Wasn’t she shy? “She still is. Nicola can stand up in front of a load of folk and she’s great at what she does, but put her into a room down here with a few friends and she’s quite a shy person.”

Sturgeon loved music: Limahl and Wham! and, later, Letter From America by The Proclaimers, which she played incessantly, driving her parents daft. Did she have pop stars on her bedroom wall? “No,” says Gillian. “Nicola had posters of Jim Sillars, and CND badges. She had the Limahl haircut at one point.”

School was Dreghorn Primary and then Greenwood Academy, where she ­excelled. Her modern studies teacher, Roy Kelso, was a strong influence, encouraging and deepening her interest in politics and current affairs. “I remember writing in her sixth-year report that Nicola was like a good quality red wine that matured with age,” he says.

Irvine in the mid-1980s was struggling. The miners strike hit Ayrshire hard, and there had been a string of industrial closures. One account of the Irvine area in 1987, the year Sturgeon joined the SNP, noted that 12,000 people were unemployed and the dreams of those who had moved from Glasgow to the New Town were going unfulfilled. Families queued for emergency dole ­payments and at soup kitchens.

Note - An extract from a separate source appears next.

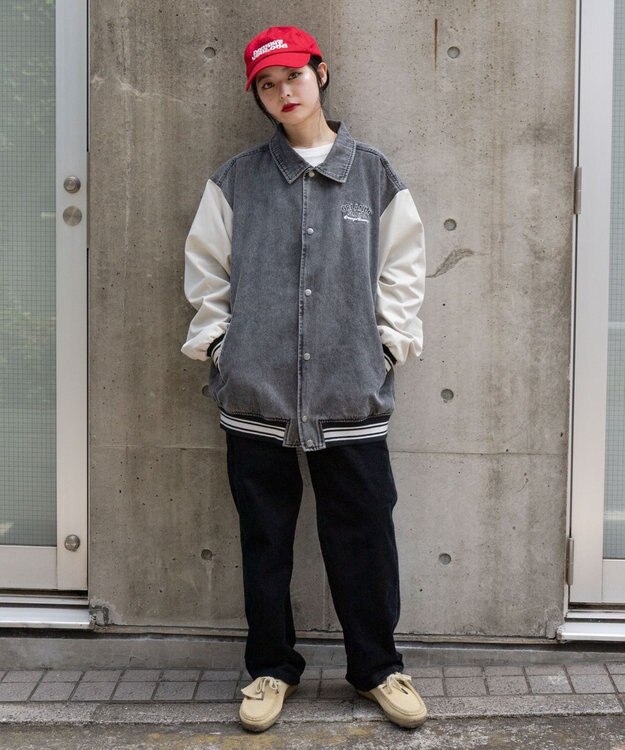 WEGO 【ユニセックス着用ITEM/MLサイズ展開】デニムスタジャン デニムブラックソノタ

Sturgeon saw the impact of deindustrialisation – “Irvine no more,” in the words of the song – on the families of classmates. “That was the genesis of my political involvement,” she says. “The feeling that I remember most from back then – and I felt it personally – was a fear that pervaded the whole community, the fear of unemployment. My dad never did experience this, thankfully, but there was a sense then that if your dad was made redundant, that would be it – he might never, ever get another job and would be on the scrapheap. I remember being very angry, surrounded by people at school who had no guarantee of ­leaving to do anything other than go and become unemployed.

“Thatcher was the motivation for my entire political career. I hated everything she stood for. This was the genesis of my nationalism. I hated the fact that she was able to do what she was doing and yet nobody I knew in my entire life had voted for her.”

Teenage life continued. Homework. Pop music. Saturday night trips to Frosty’s ice disco at the Magnum Centre. Yet there was now this new element, which would come to dominate: the Scottish National Party. Never Labour. You voted for them and you still got the Tories. Independence seemed to offer a solution.

Ricky Bell, a friend who owns a Glasgow cafe, first met Sturgeon at this time. He was delighted that someone else of around his age, someone who shared his left-of-centre views, had become part of the local campaign. They were kids with a crazy dream. The SNP was far from the mainstream party it is now, especially in Labour-dominated Ayrshire. Saving your deposit was grounds for celebration.

“If you went to ten doors where folk didn’t shut it in your face then you’d had a reasonably good night,” Bell recalls. “It was a school of hard knocks in terms of learning your politics. But Nicola was ­always arguing that if we just chapped another few more doors, we might reach another few voters. She was often the one who would say, ‘Let’s just do another half hour,’ when the rest of us were ready to give up and go to the pub. She has a very strong work ethic. She never stops. How Peter ever sees her, I don’t know.”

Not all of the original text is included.